“Non avere una meta ma cento,
prova a ritornare perché il ritorno da senso al viaggio”.
Chinaski, Le cento città
Black Celebration © Paolo Castronovo
La città era deserta alla vigilia di Ferragosto, con le luminarie della festa del patrono a ricordarci gli ultimi scampoli d’estate. Io e Nino siamo entrati nell’agenzia di viaggi, un biglietto del treno ci avrebbe portato lontano da Bagheria e dalle sue belle bugie bucate.
Chilometro dopo chilometro, ogni regione attraversata è una tacca in più verso la nostra affermazione. Ci sediamo nello scompartimento insieme a un prete peruviano e a un ragazzo di colore che dormirà per tutto il viaggio. A Messina entra una donna dell’Est, Nino aveva pregato con ardore: “non può arrivare una bella russa?” e quel buontempone del vecchio barba bianca uno e trino l’accontentò. Sbagliando solo l’età, invece di tre ventenni russe una sessantenne che pesava quanto tutt’e tre assieme.

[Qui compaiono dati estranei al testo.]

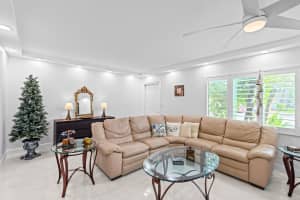 9050 28th Street, Coral Springs, FL 33065 - MLS#B26014111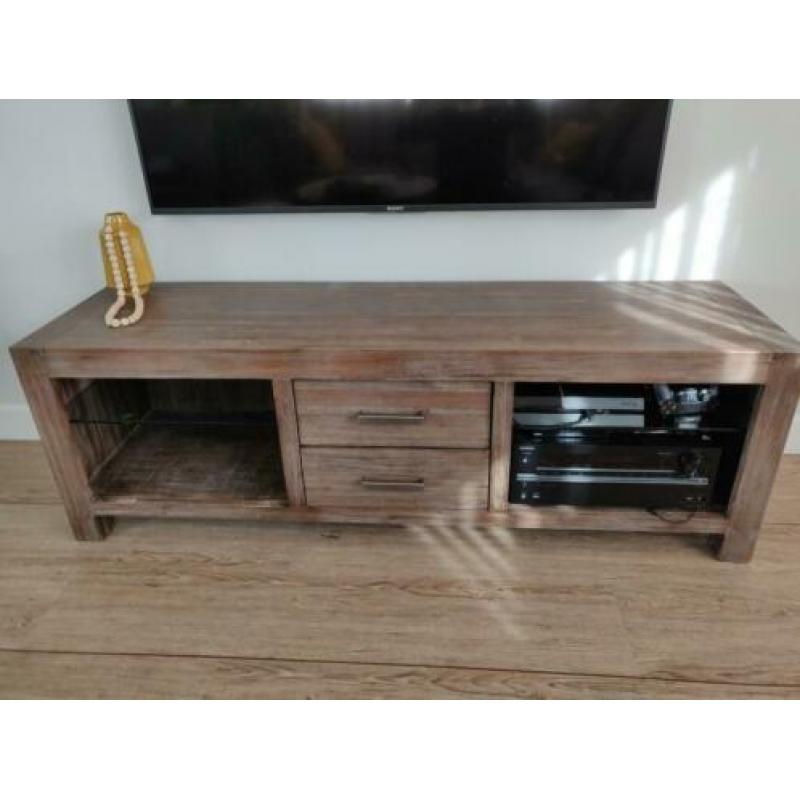 Mooi stoer industriëel tv meubel 160 cm lang tvmeubel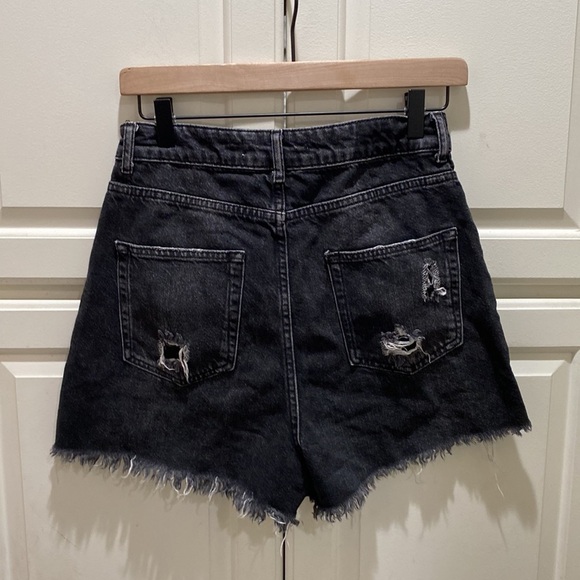 Zara Hi Rise Distressed Ripped Mom Shorts In Washed Black Size 2 - Picture 5 of 5
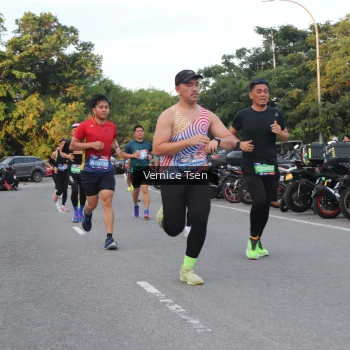 Runner Photo 3788677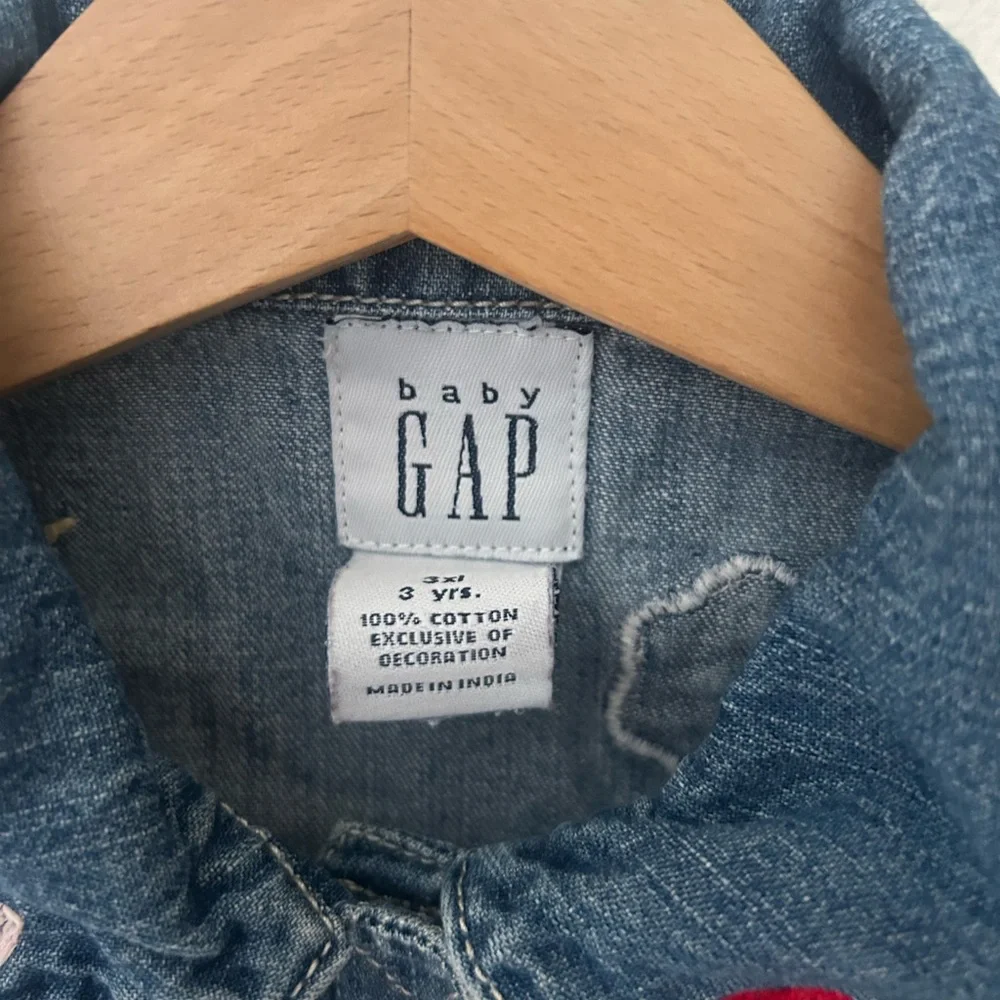Vintage GAP Girls 3T Blue Denim Jacket Embroidered Colorful Patches Spring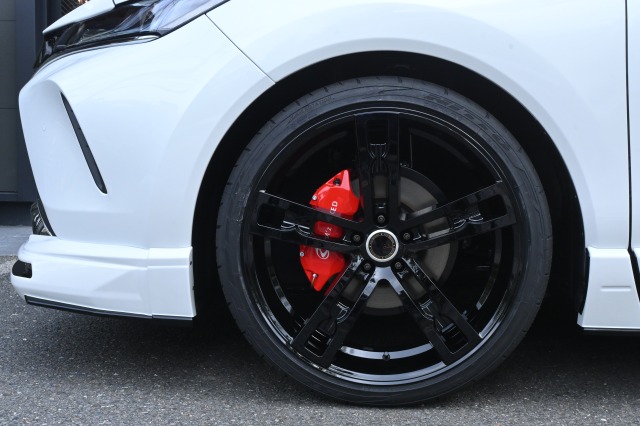 トヨタ:ハリアー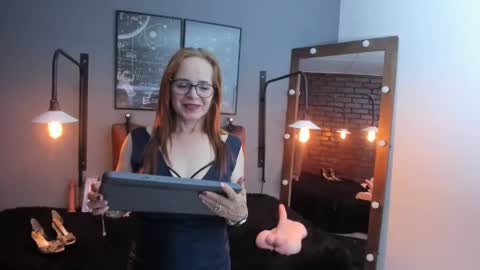 Snapshot of samantha_mature56 chatting on 12, 3, 2025 Sam online show from 12, 3, 2025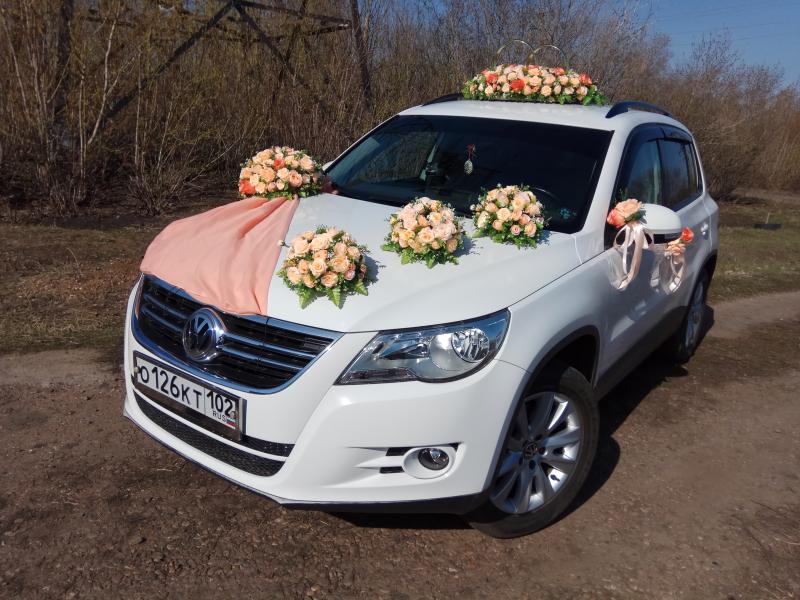 Дмитрий:  Авто на свадьбу , аренда автомобилей.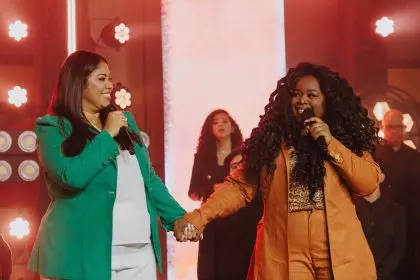 Gisele Nascimento apresentou a faixa "Lágrimas Ensinam" com Vitória Souza, parte do projeto comemorativo dos seus 20 anos de carreira. Foto: Divulgação.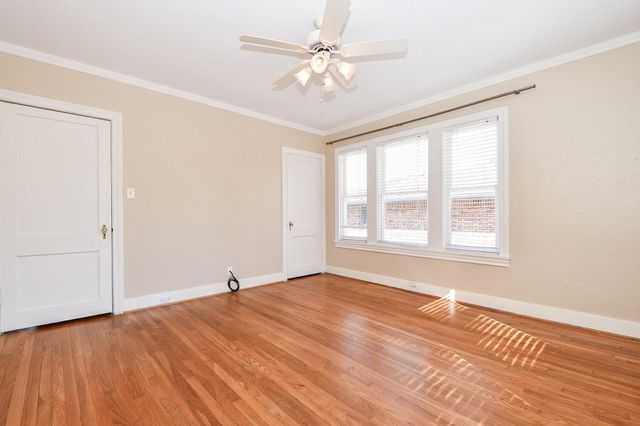 1632 Bonnie Brae Street B, Houston, TX 77006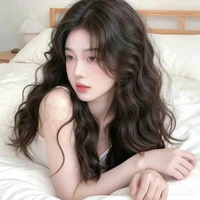 Tiêu Hạ Vy — Elly 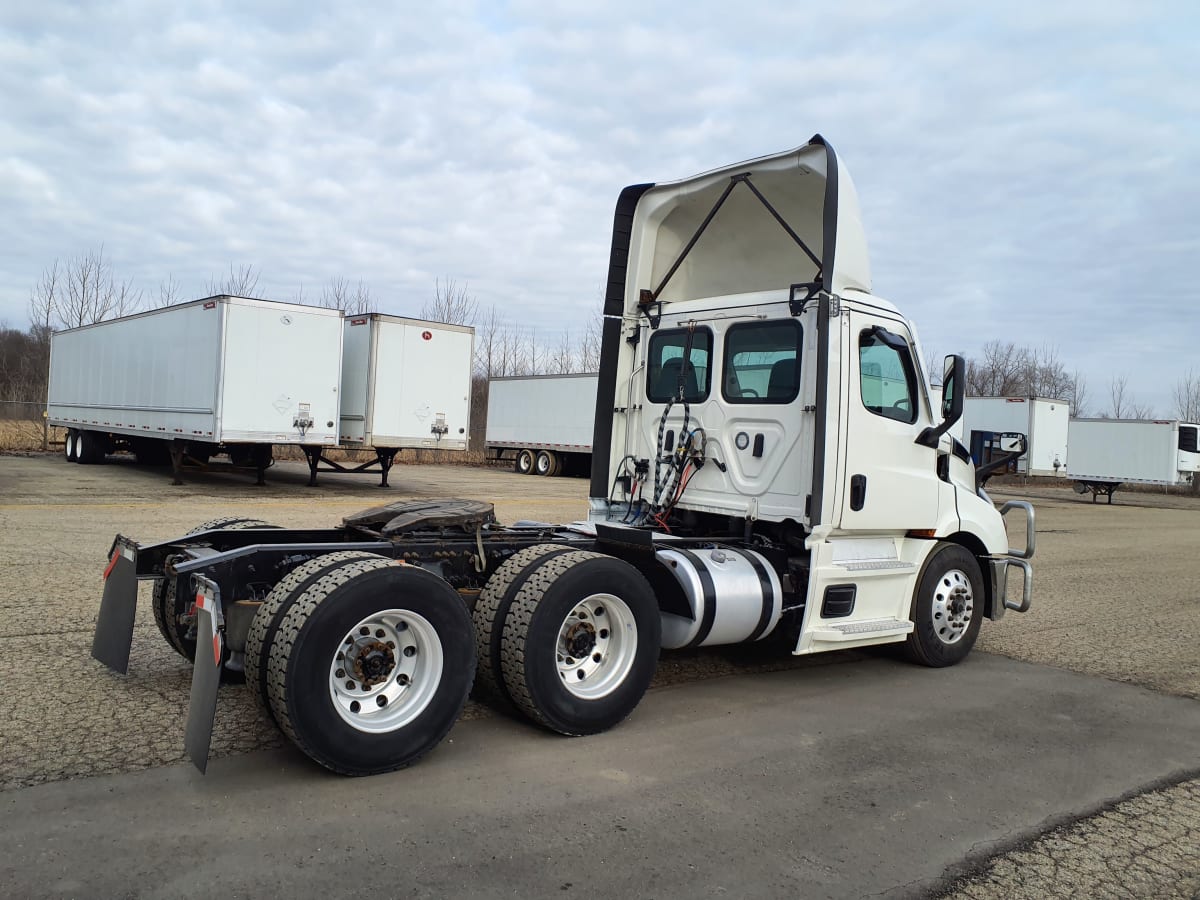 2020 Freightliner/Mercedes NEW CASCADIA 116 270409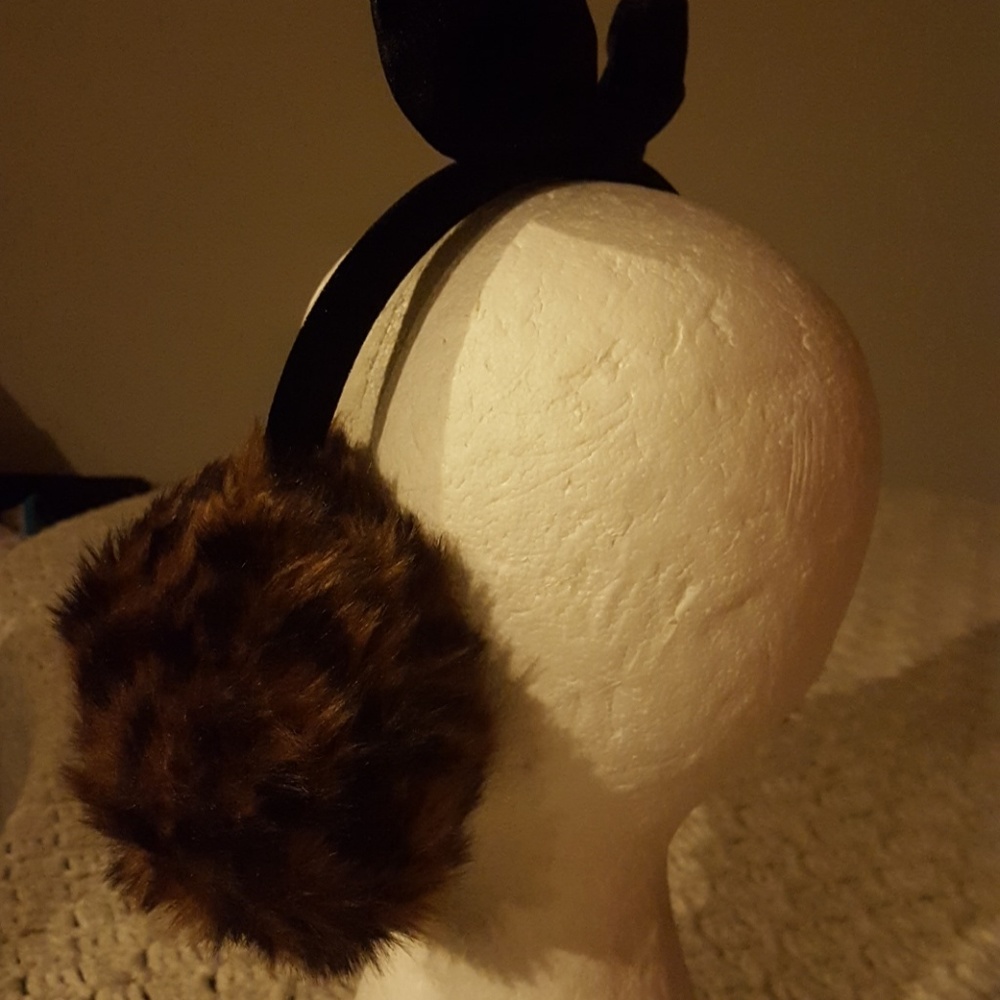 Ear Muffs. - Picture 6 of 6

L’indomani abbiamo cambiato treno a Roma, per le ultime sei ore di viaggio. Abbiamo sul groppone 22 ore di treno e una trentina di chili di bagaglio a testa. Nino ha le idee chiare, adesso fumerà solo sigarette rullate per tagliare le prime spese. Abbiamo in saccoccia la voglia di realizzarci. Per me tornare a Milano è una sensazione strana, mentre prendo la metro verso il nostro ostello di lusso sento che anche questa metropoli sta diventando casa. Nei prossimi giorni ci aspetta la solita mitragliata di curricula e colloqui. Al giro precedente ho cercato di mettere a frutto i miei studi, anche qui la crisi azzanna e stavolta non ci penso nemmeno un minuto a cancellare dalla griglia del curriculum anni e anni di studi e pubblicazioni. Devo restare a galla il più possibile, mi serve un lavoro. Spolvero dalla latta dei ricordi il vecchio sogno di fare il cuoco che per finire impiccato a una cuffia in un call center non sono ancora pronto. E così metto da parte la scrittura e m’infilo il mio grembiule. Scarpe e maglietta bianca, pantaloni blu. Coi baffi che mi son fatto crescere sembro quello che spunta sui cartoni delle pizze.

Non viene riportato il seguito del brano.